■ WHAT YOU ARE ASKED TO DO ■
The reply should be an exact repeat of the listing, with no pictures in it.

■ MATERIAL PROVIDED ■
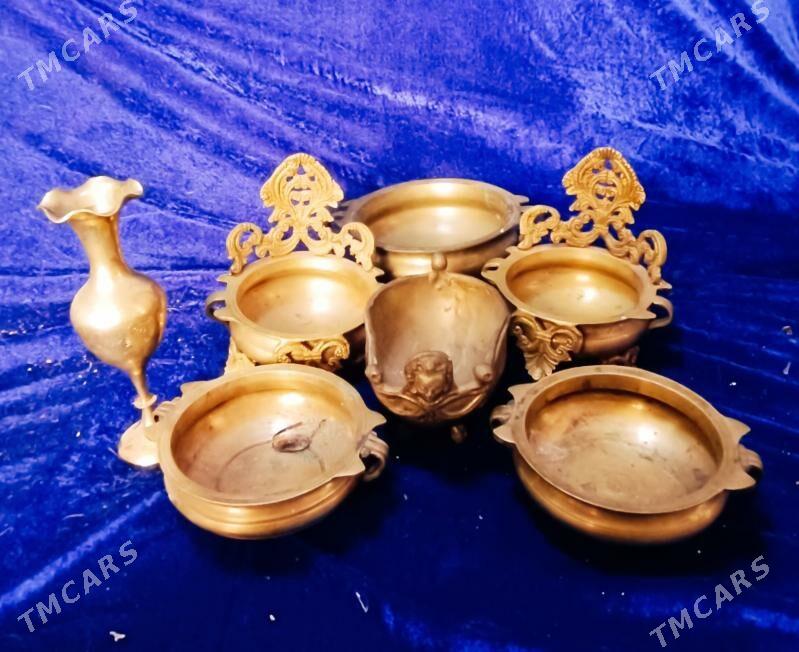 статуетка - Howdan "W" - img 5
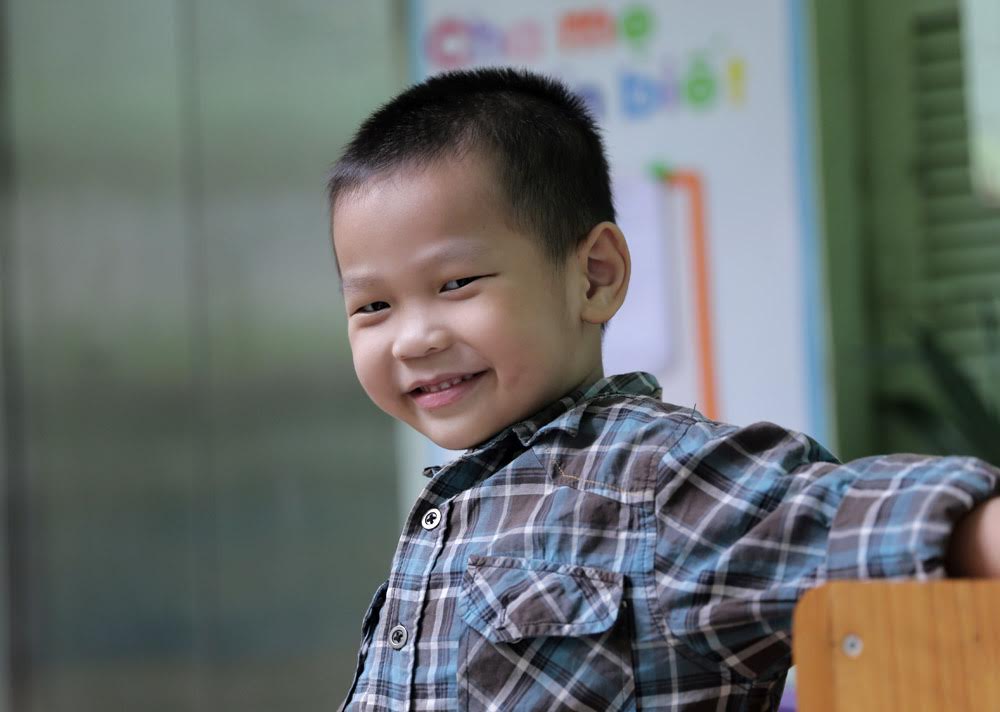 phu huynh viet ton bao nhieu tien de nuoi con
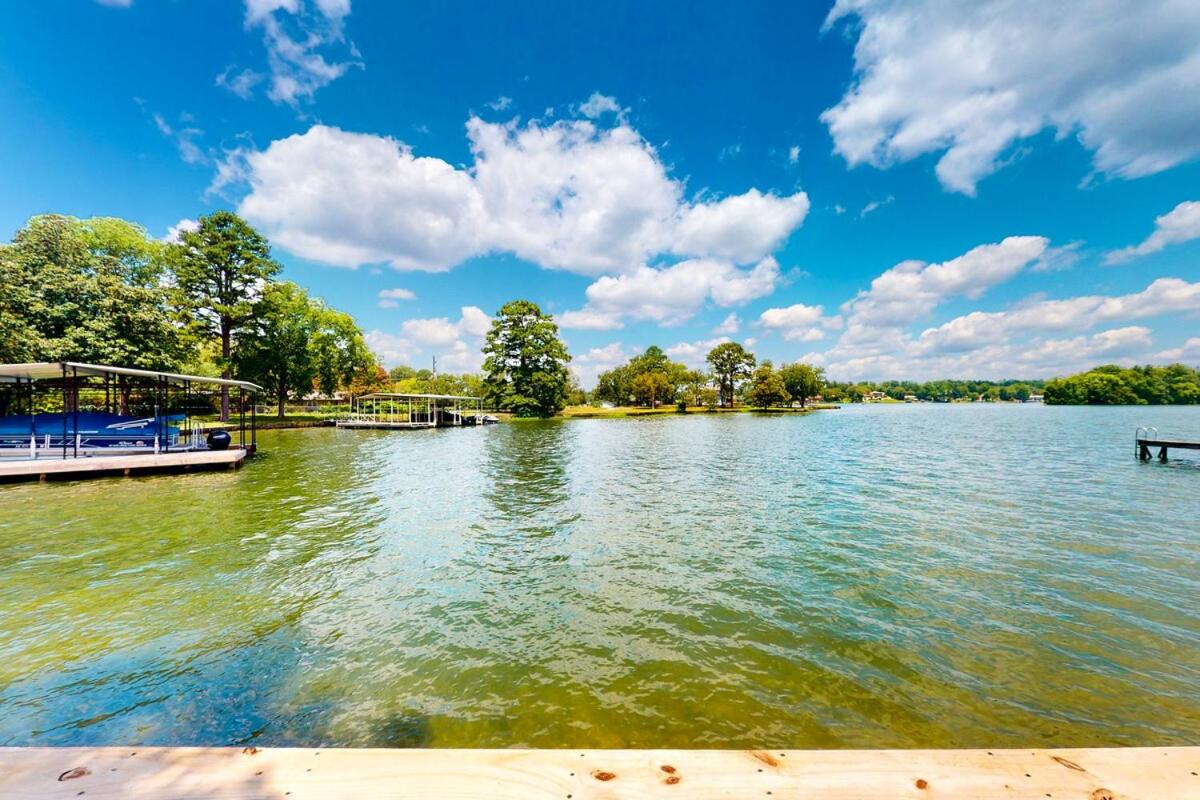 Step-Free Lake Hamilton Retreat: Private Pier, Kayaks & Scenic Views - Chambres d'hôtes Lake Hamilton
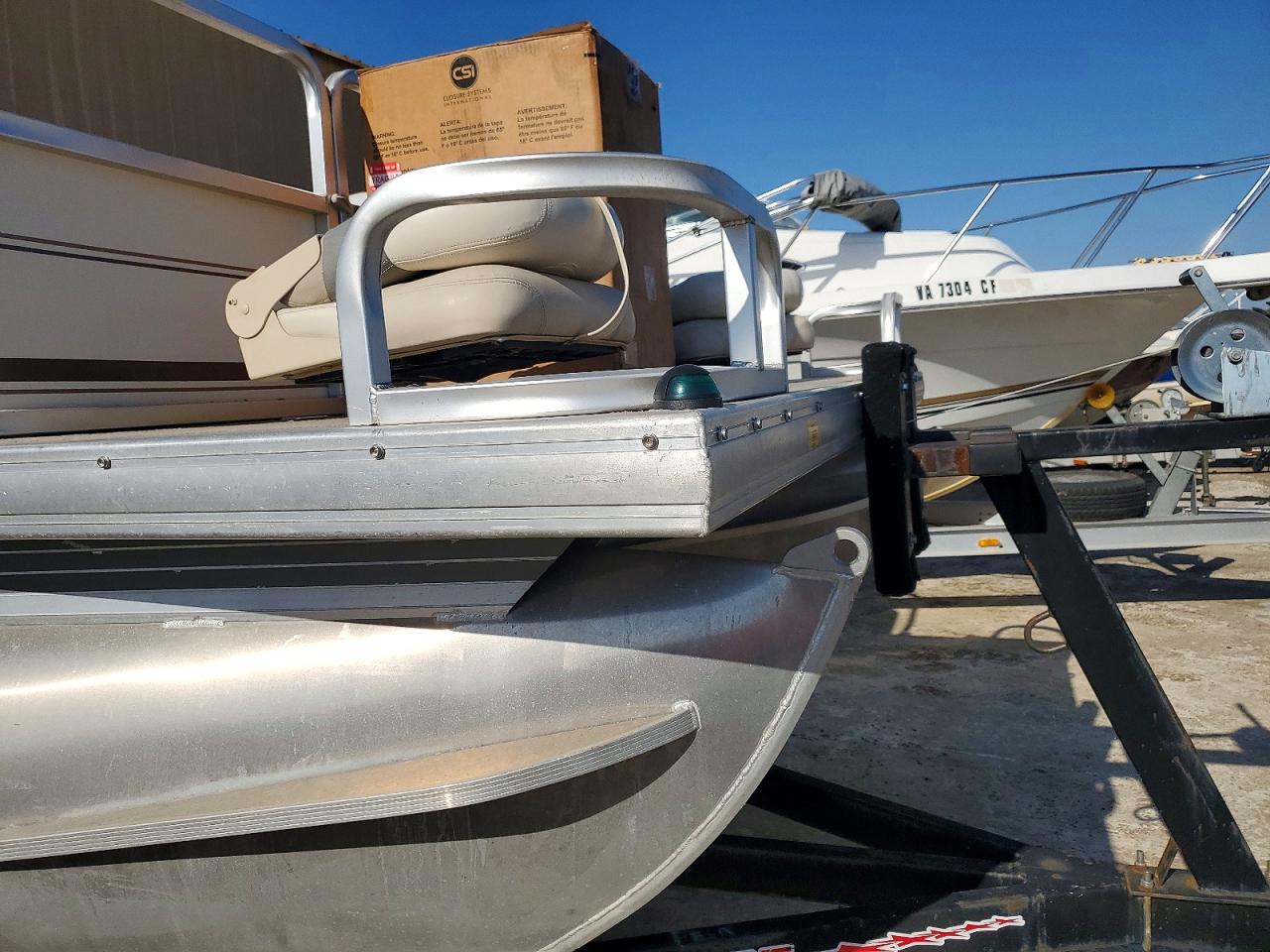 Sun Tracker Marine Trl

■ SOLUTION TO THE EXERCISE ■
 статуетка - Howdan "W" - img 5
 phu huynh viet ton bao nhieu tien de nuoi con
 Step-Free Lake Hamilton Retreat: Private Pier, Kayaks & Scenic Views - Chambres d'hôtes Lake Hamilton
 Sun Tracker Marine Trl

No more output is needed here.